Besides reiterating his Outperform rating on shares of Apple (NASDAQ:AAPL) and a $600 price target, Bernstein Research analyst Toni Sacconaghi wrote in a research note on Monday that the iPhone’s share of the smartphone market will likely decline to 12 percent this quarter, which will be company’s lowest portion since the first quarter of 2009.
In the note, seen by Barron’s, Sacconaghi referenced first-quarter smartphone shipment figures released Thursday by research firm Strategy Analytics — which showed that Apple’s global market share fell from 22.8 percent in the year-ago quarter to 17.9 percent. Even more concerning, the smartphone market grew 36 percent, more than five times Apple’s reported 7 percent year-over-year iPhone sales growth based on the company’s first quarter earnings statement.
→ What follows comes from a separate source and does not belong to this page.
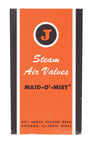 Jacobus Jacobus 1/8 in. Straight Connection Chromed Brass Straight Steam Vent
Based on Apple’s forecast for third-quarter sales to be flat year-over-year, between $33.5 billion and $35.5 billion — a range below analysts’ expectations — Sacconaghi wrote that the company’s estimate implies that it will sell about 25 million iPhones during the current quarter. This represents a 4 percent year-over-year decline for the flagship device. If the smartphone market expands a further 30 percent this quarter, Apple’s share would drop 400 basis points to 12.3 percent, he said.
“Perhaps most startlingly, if Apple does not introduce a new iPhone or lower-priced phone in CQ3, it is quite possible that iPhone’s smartphone market share could drop into the single digits,” Sacconaghi added. But the analyst does believe there will be a new generation iPhone released at the beginning of September.